Sad but true: if you have debt, you know that the balance in your savings account can be more of an illusion. It often seems like there’s an underwater glacier that’s pulling any net balance in your account to a negative.

But no need to despair. There are some tactics to help you methodically pay off money owed.

For instance, you may have heard the terms “avalanche” and “snowball” debt repayment methods tossed about. No, it doesn’t involve hiding out in a snowy mountain range until your debt load magically disappears, although that would be pretty awesome. Instead, these are two common tactics to pay off your debt, whether you have student loans, credit card debt, personal loans, car loans, and so forth.

As September is the Month of Budgeting here at Chime, we are taking a deeper dive into these two popular debt repayment strategies. Read on to learn more about  the pros and cons of both, and from there you can figure out which budgeting method is best for you.

Avalanche Debt Repayment Method

With the avalanche debt repayment method, you will first make the minimum payments on all your debts. You will then focus on tackling the debt with the highest interest rate, paying the minimum payment plus extra payments each month. After you’ve crushed the first one, you then take the money you would use to pay off that debt and move onto the debt with the next-highest interest rate. (Note: we highly recommend setting up automatic savings, so you don’t spend the money you need to pay off your debt.)

To keep things simple, let’s just focus on credit card debt. Let’s say you have three credit cards, each with varying balances and interest rates:

Card A – Balance: $800, Minimum Payment: $50; Interest Rate: 25%

Card B – Balance: $2,000, Minimum Payment: $45: Interest Rate: 22%

Card C – Balance: $500, Minimum Payment: $40: Interest Rate: 20%

Because you’re doing the avalanche debt method, you’ll first make minimum payments on all three cards. In this scenario, you’d then also throw down $200 each month toward the credit card with the highest interest rate (in this case Card A with an interest rate of 25%).
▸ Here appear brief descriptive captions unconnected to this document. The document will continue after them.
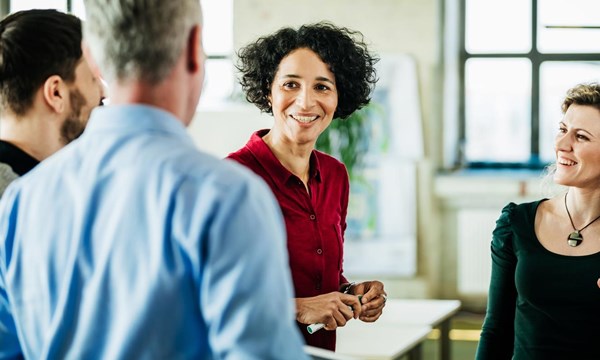 A group of business colleagues standing, having a meeting together in a bright, modern office environment.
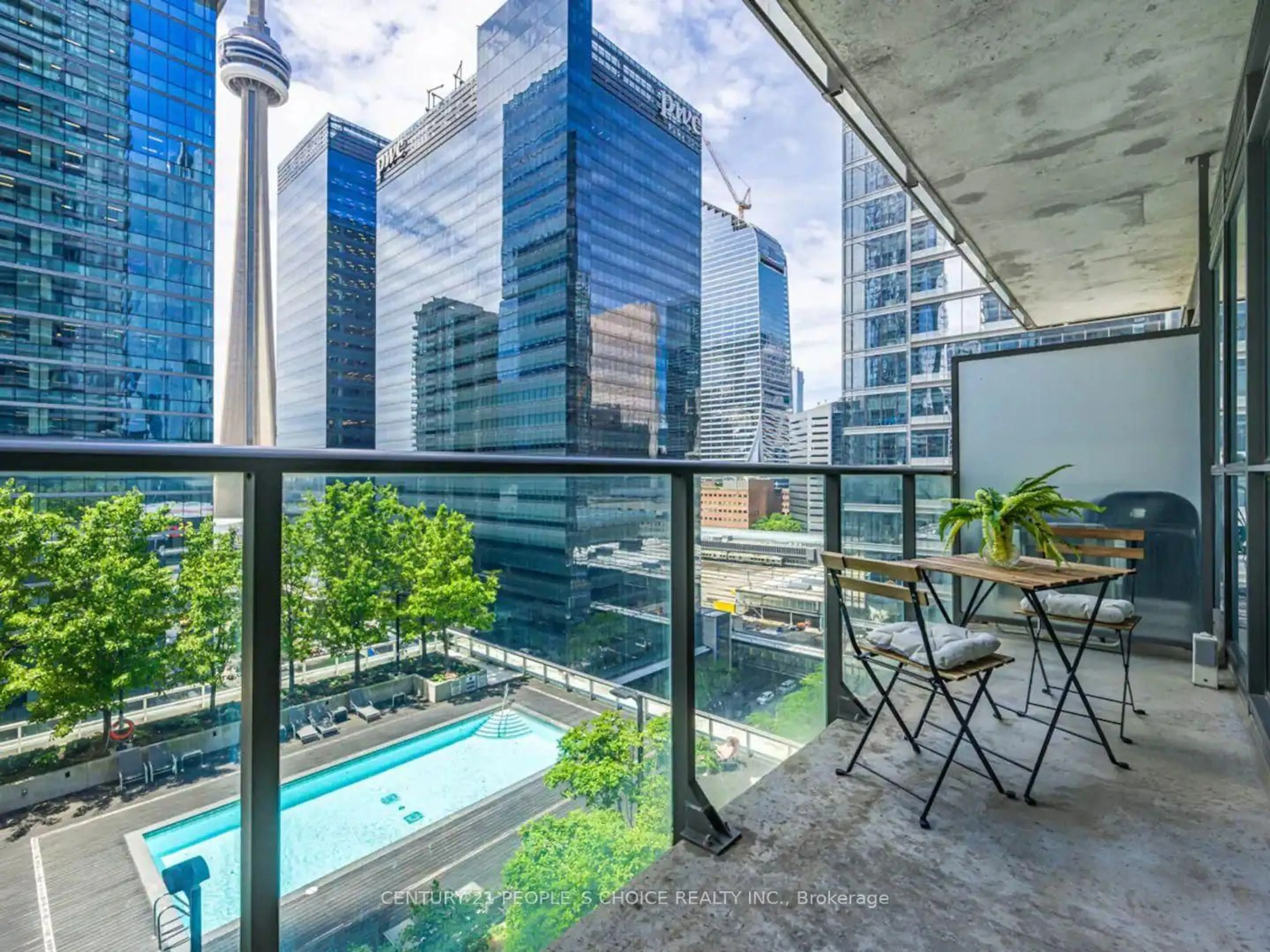 Patio, city buildings view from balcony for 65 Bremner Blvd #1203, Toronto Ontario M5J 0A7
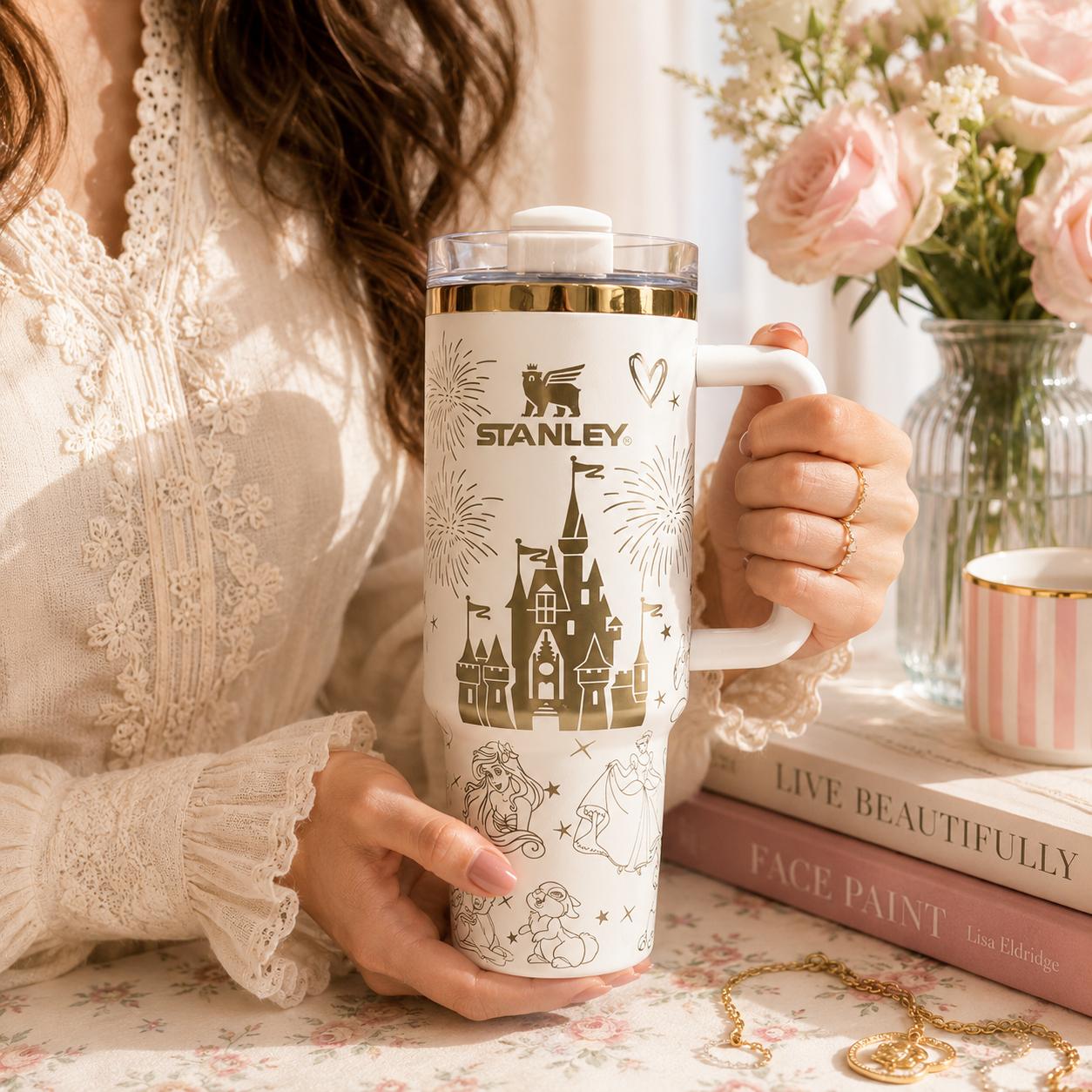 Person holding a Stanley tumbler with a castle design, surrounded by books and flowers.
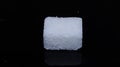 A sugar cube on a black background Royalty Free Stock Photo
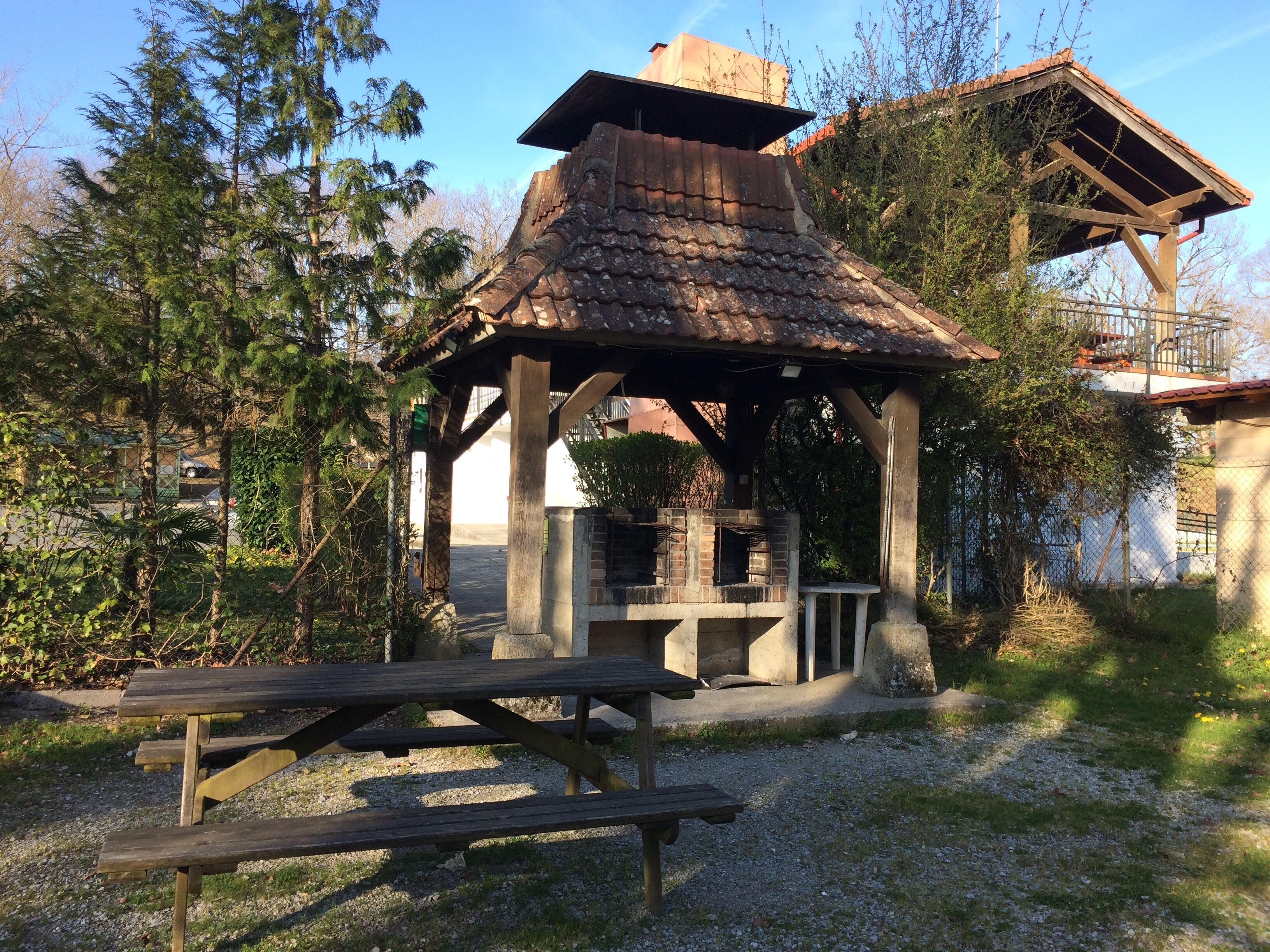 En pavillon med en murstensovn, omgivet af træer og et picnicbord.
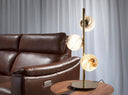 Lampara de sobremesa de acero inoxidable dorado con esferas de cristal estampado.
After you’ve finished paying off Card A, or “mother lode interest rate (25% APR)” card, (congrats, btw), you put the minimum payment on Card B ($45) and Card C ($40), plus an extra $200 toward Card B (with the second highest interest rate of 22%.) Once you’ve paid off Card B, you’re left with Card C to pay off.


  • Pay off your debts faster. Because you’re throwing down larger chunks of cash toward your debt, you’ll make faster headway.
  • You save more money on interest. Because you’re tackling debt that costs you more in pesky interest rates (they add up quickly, trust me), you’ll be saving more moola.


  • Depending on your situation, you may not be able to afford to make the minimum payments, plus extra every month. If you do, it may not feel like you’re making much of a dent.
  • If the balance with the highest interest rate happens to have the largest amount of debt, it could it could take months to pay it off.

Snowball Debt Repayment Method

With the snowball debt repayment method, you will also make the minimum payments on all your debts. But there are two major differences between the snowball and avalanche repayment methods.

1. Instead of focusing on interest, you make payments based on your balances.

2. Instead of first paying off the debt with the highest interest rate, you start with the one with the lowest balance.

So, to illustrate this, let’s use the same three cards as we did with our Avalanche Debt Repayment example:

Card A – Balance: $800, Minimum Payment: $50; Interest Rate: 25%

Card B – Balance: $2,000, Minimum Payment: $45: Interest Rate: 22%

Card C – Balance: $500, Minimum Payment: $40: Interest Rate: 20%

In this case, you’d start with making extra payments on Card C (balance of $500) until it’s completely paid off. Next, you’d take the extra monthly payments you were making on Card C and put them toward Card A, which is the card with the next-highest balance (balance of $800). Once Card A is paid off, you then put all your efforts into Card B (balance of $2,000).


  • You enjoy wins early in the game. It’s quite motivating to knock out your first debt.
  • Because you’re focusing on the debt with the smallest balance, you can make greater strides with less money.


  • The biggest downside of the snowball method is you don’t save as much in interest. In other words, you’ll be paying more.

So which method is best? In the realm of social science and human behavior, research reveals that even though rationally we may want to save more, most people stay more motivated by taking care of the debts with the smaller balances.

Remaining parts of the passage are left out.